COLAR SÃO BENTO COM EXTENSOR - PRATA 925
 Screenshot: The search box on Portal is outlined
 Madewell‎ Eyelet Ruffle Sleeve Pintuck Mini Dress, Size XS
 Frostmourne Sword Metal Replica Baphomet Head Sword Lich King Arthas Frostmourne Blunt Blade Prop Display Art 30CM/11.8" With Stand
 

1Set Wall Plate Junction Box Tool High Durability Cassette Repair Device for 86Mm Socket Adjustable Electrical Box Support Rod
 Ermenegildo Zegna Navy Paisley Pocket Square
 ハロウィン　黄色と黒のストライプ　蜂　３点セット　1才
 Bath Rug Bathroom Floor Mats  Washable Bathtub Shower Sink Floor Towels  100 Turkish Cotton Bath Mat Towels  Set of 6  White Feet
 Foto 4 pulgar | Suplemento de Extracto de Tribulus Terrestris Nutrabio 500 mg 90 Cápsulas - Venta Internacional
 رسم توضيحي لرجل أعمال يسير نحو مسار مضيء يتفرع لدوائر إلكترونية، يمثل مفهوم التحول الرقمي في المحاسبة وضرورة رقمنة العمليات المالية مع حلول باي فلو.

—————

§ **Problem description**
Taking the listing above as the source, transcribe only the lines starting at the line with "Screenshot: The search" and going through the line with "ハロウィン　黄色と黒のストライプ　蜂　３点セット　1才", unaltered and with both ends included.

§ **Task result**
 Screenshot: The search box on Portal is outlined
 Madewell‎ Eyelet Ruffle Sleeve Pintuck Mini Dress, Size XS
 Frostmourne Sword Metal Replica Baphomet Head Sword Lich King Arthas Frostmourne Blunt Blade Prop Display Art 30CM/11.8" With Stand
 

1Set Wall Plate Junction Box Tool High Durability Cassette Repair Device for 86Mm Socket Adjustable Electrical Box Support Rod
 Ermenegildo Zegna Navy Paisley Pocket Square
 ハロウィン　黄色と黒のストライプ　蜂　３点セット　1才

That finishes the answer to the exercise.